Skip the pictures and write out, word for word, the lines below from the one with "Violetti ja keltainen" through the one with "Sterling Silver Semi", inclusive.

• DATA PROVIDED:
-- Opening Marker --
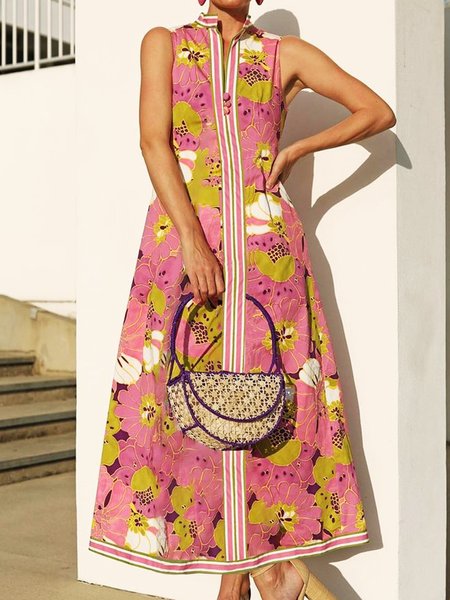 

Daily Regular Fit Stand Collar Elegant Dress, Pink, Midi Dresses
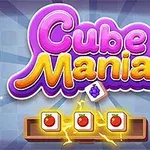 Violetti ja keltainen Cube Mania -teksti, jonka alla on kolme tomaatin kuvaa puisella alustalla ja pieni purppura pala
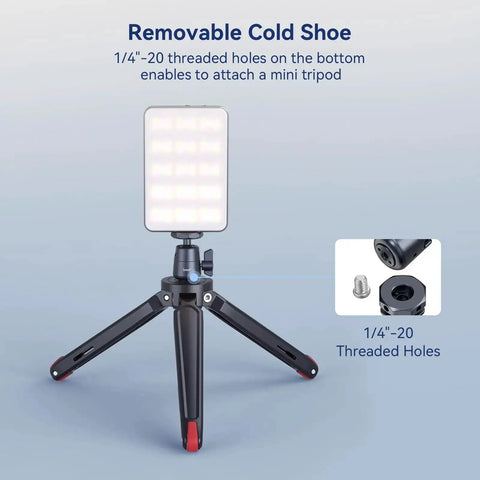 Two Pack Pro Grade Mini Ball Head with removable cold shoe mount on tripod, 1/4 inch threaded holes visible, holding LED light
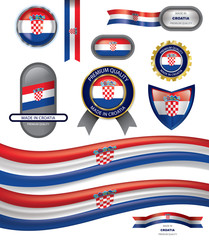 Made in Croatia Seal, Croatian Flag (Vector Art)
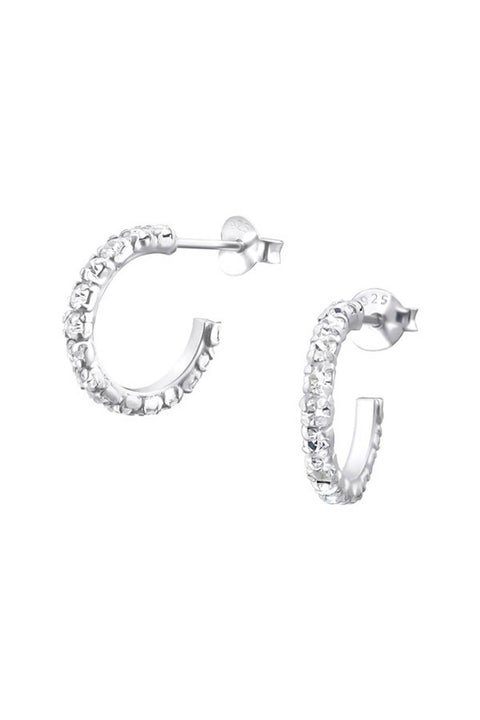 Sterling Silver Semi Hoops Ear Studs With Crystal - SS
-- Closing Marker --
-- Opening Marker --
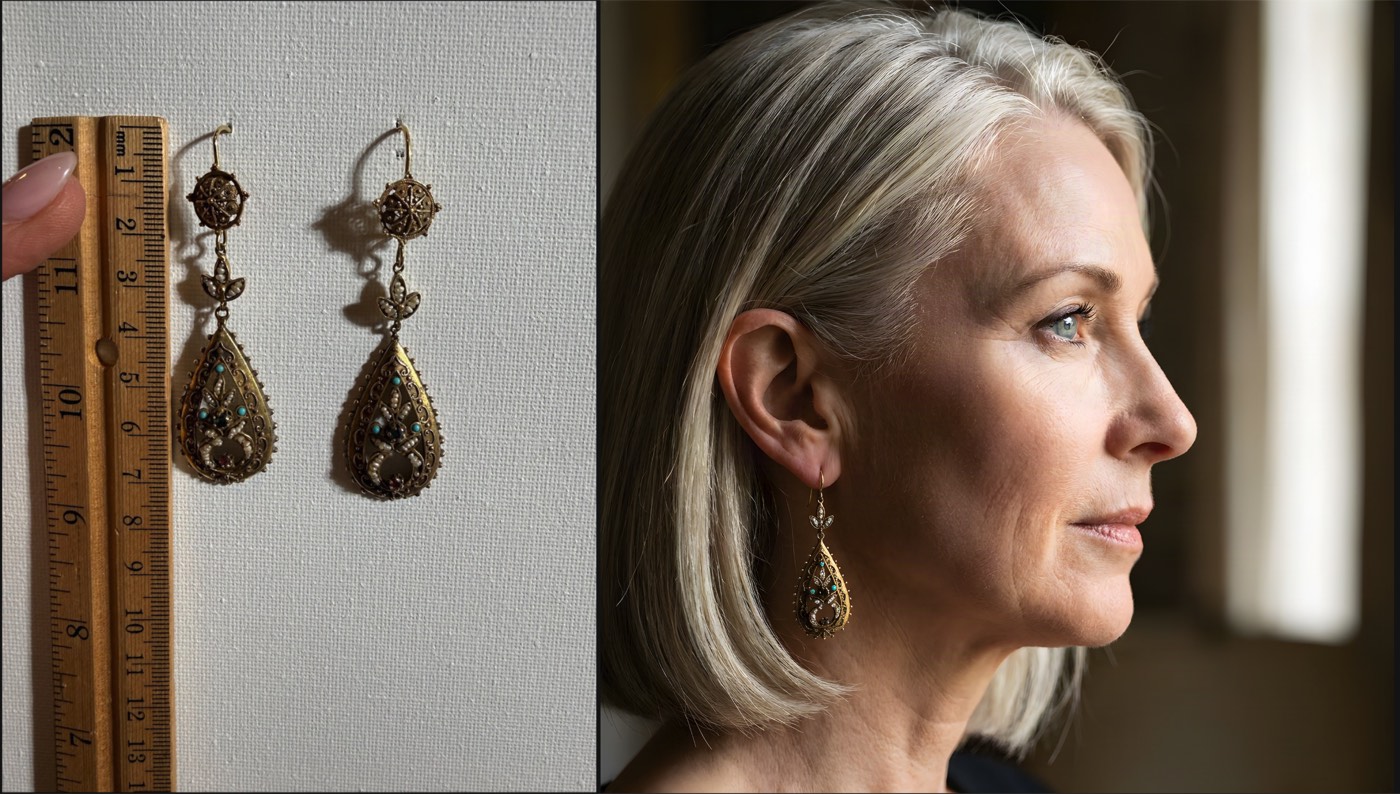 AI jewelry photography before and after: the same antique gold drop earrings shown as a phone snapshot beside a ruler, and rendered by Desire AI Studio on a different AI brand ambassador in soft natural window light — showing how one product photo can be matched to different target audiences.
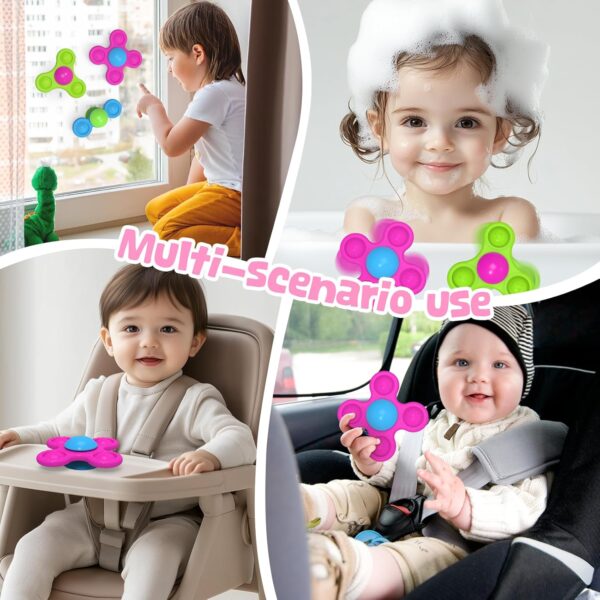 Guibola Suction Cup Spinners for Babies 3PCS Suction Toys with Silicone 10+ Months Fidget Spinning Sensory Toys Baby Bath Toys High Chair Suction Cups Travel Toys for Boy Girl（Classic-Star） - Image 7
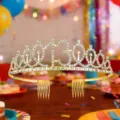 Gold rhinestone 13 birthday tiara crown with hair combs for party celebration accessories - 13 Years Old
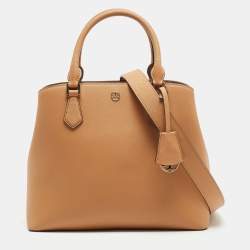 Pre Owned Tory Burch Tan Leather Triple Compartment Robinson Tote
-- Closing Marker --
• EXERCISE SOLUTION:
 Violetti ja keltainen Cube Mania -teksti, jonka alla on kolme tomaatin kuvaa puisella alustalla ja pieni purppura pala
 Two Pack Pro Grade Mini Ball Head with removable cold shoe mount on tripod, 1/4 inch threaded holes visible, holding LED light
 Made in Croatia Seal, Croatian Flag (Vector Art)
 Sterling Silver Semi Hoops Ear Studs With Crystal - SS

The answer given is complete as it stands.